Leaving out pictures, output exactly the lines below from the one that has "913 Hampton Avenue – photo 2" through the one that has "Flintridge Apartment Homes Image 2", and nothing else.
=== Given data ===
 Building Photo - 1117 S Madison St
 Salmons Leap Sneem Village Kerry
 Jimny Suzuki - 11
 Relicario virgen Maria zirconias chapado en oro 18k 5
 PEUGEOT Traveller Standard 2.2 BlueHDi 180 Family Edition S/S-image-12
===
=== Given data ===
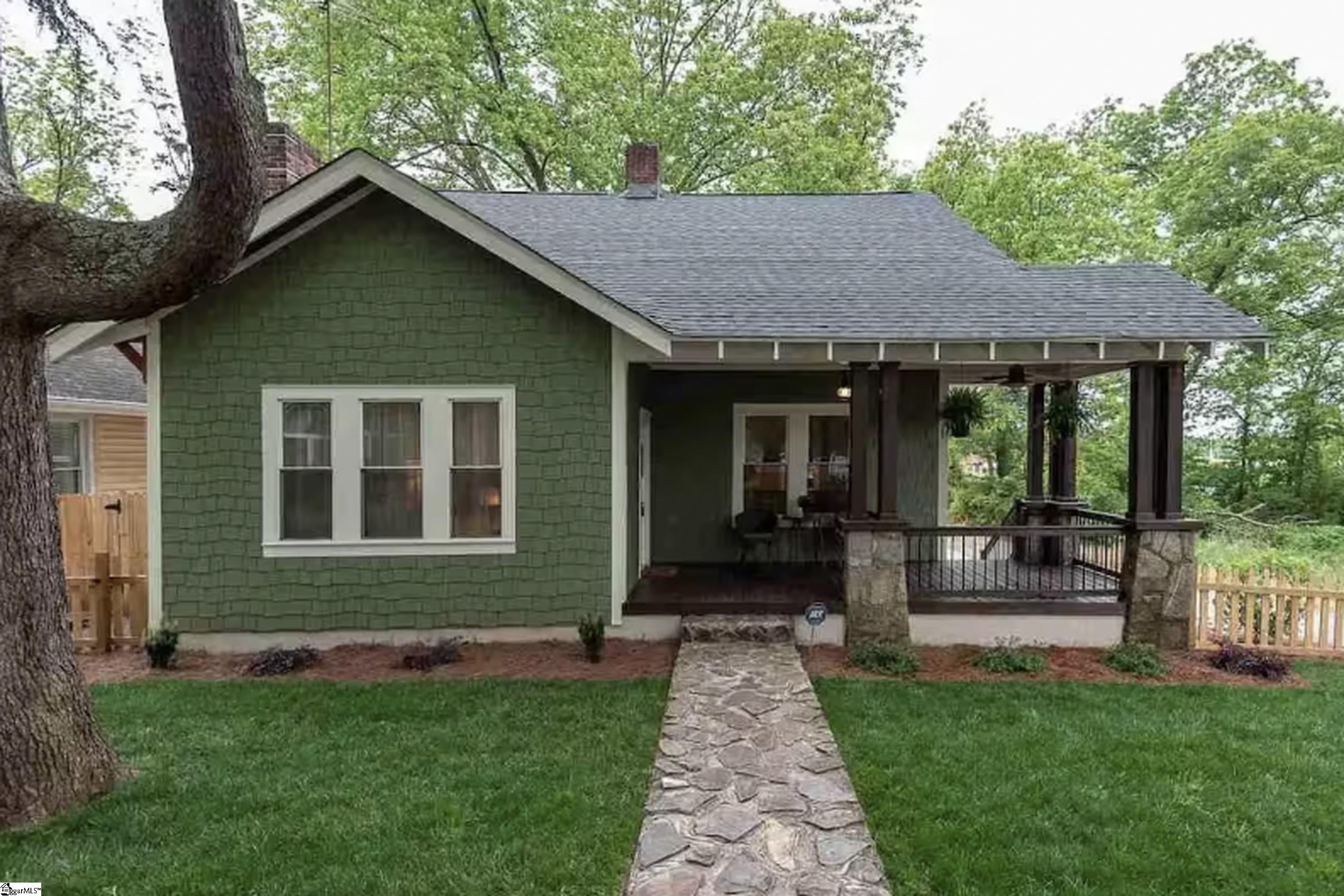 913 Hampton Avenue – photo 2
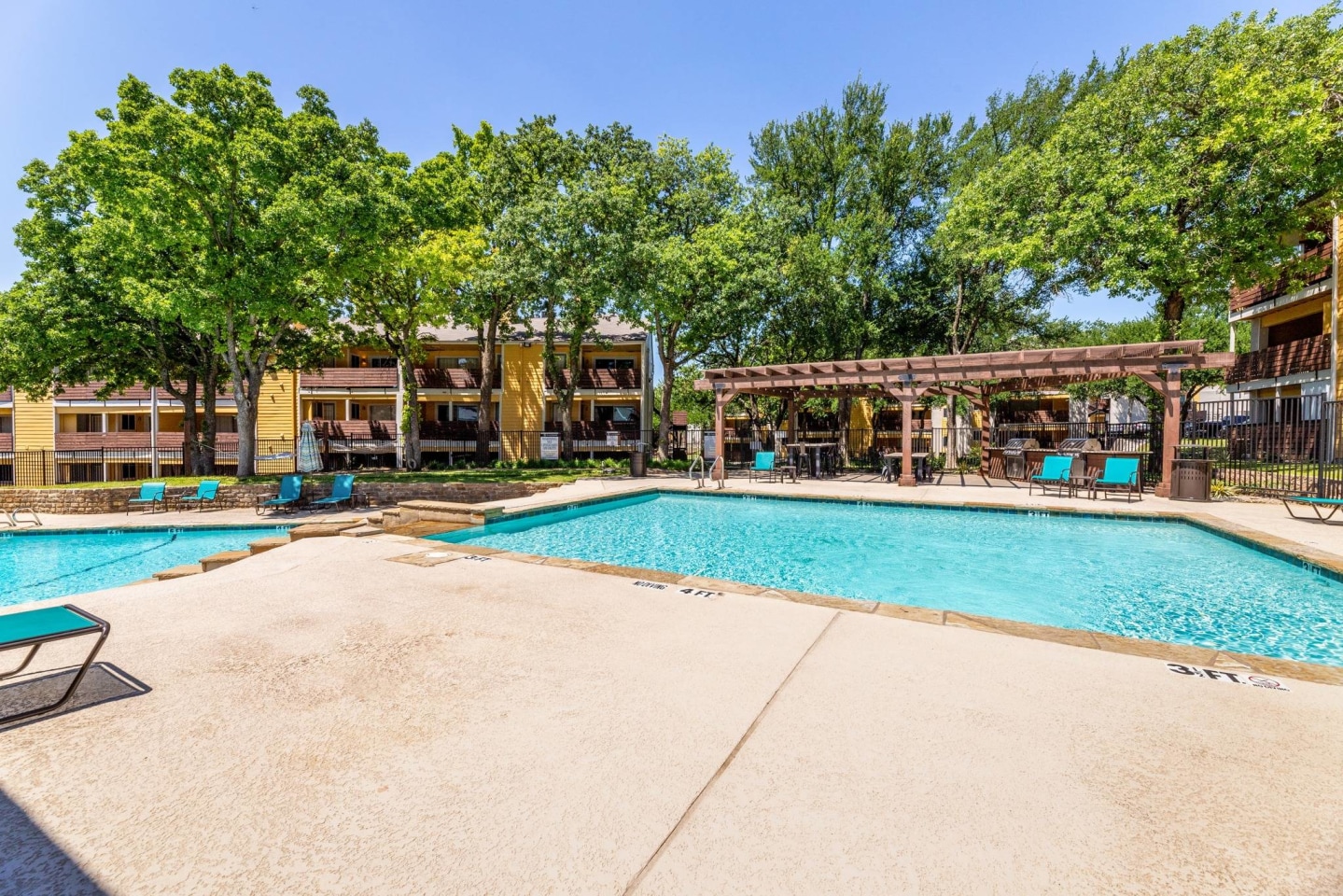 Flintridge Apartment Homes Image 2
===
» Task answer
 913 Hampton Avenue – photo 2
 Flintridge Apartment Homes Image 2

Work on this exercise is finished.